WHAT THE TASK ASKS>
In the entries below, which lines run from the one with "Table With Shelf" through the one with "BEN DAVIS(ベンデイビス)の70s ベンデイビス"? Repeat exactly those, both included, and no pictures.

DATASET>
····················

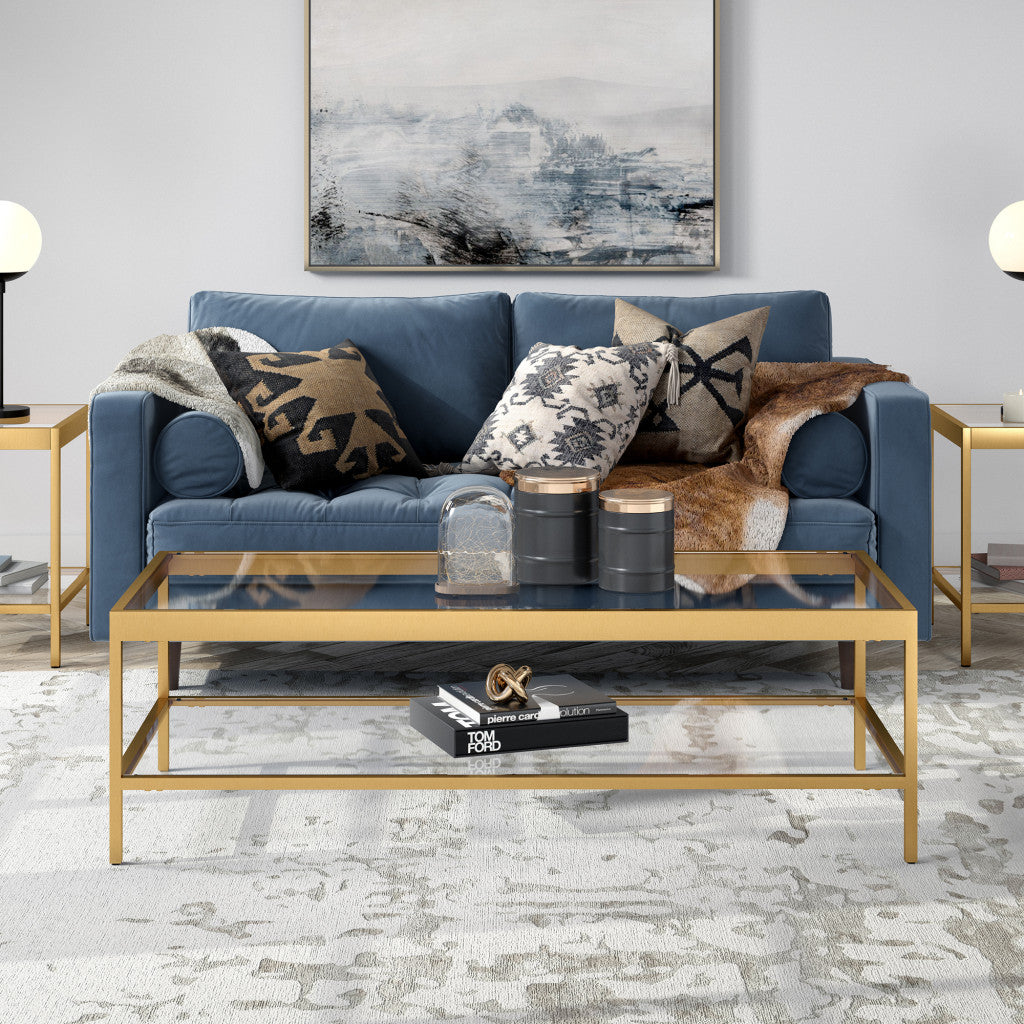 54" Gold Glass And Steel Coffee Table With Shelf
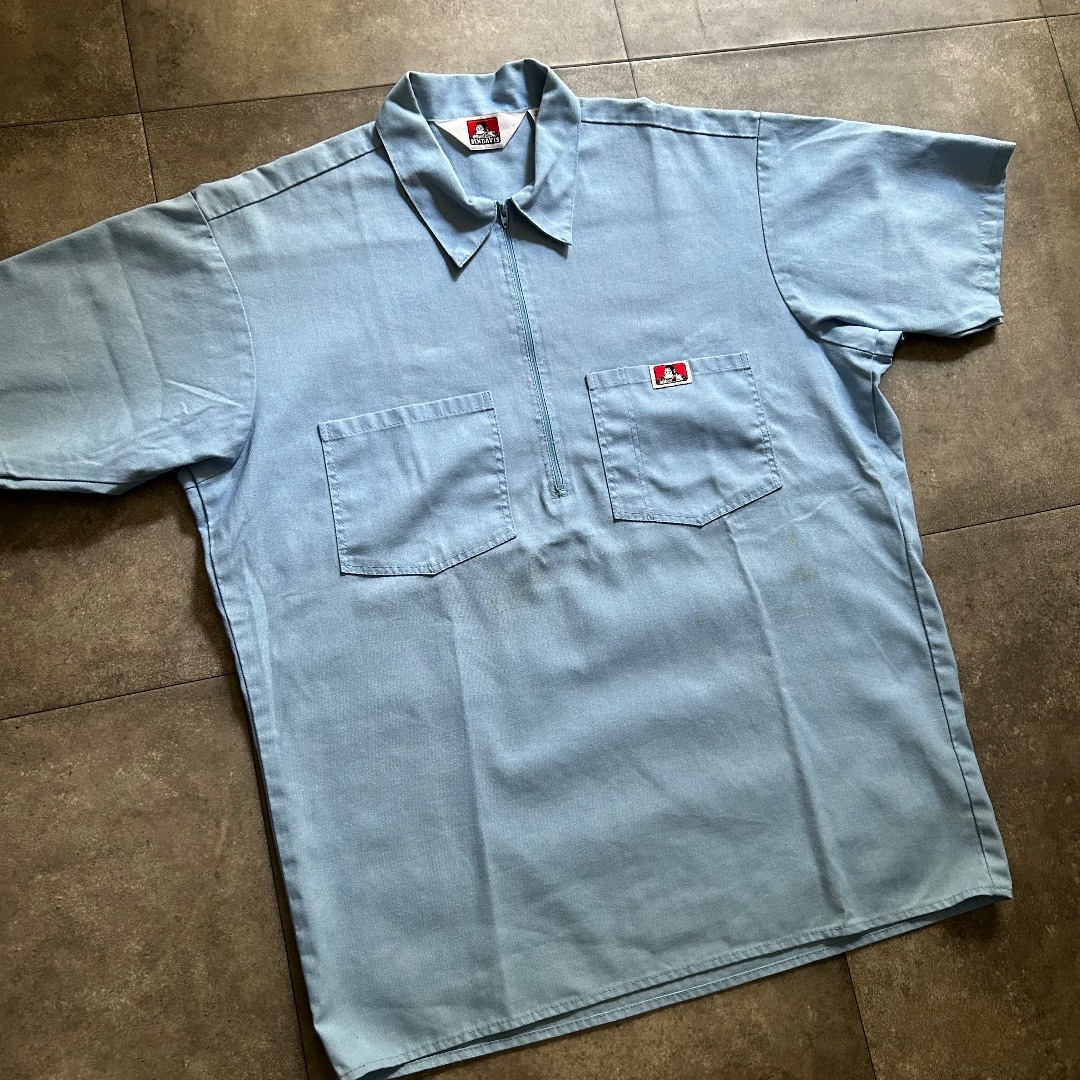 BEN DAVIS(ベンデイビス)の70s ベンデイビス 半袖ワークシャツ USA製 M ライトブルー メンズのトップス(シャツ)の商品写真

····················

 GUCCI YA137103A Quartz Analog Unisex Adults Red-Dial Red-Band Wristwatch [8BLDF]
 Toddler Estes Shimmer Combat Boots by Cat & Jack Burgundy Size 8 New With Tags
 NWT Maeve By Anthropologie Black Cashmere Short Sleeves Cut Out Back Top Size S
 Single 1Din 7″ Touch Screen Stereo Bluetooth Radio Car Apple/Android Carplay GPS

····················

RESPONSE BOX>
 54" Gold Glass And Steel Coffee Table With Shelf
 BEN DAVIS(ベンデイビス)の70s ベンデイビス 半袖ワークシャツ USA製 M ライトブルー メンズのトップス(シャツ)の商品写真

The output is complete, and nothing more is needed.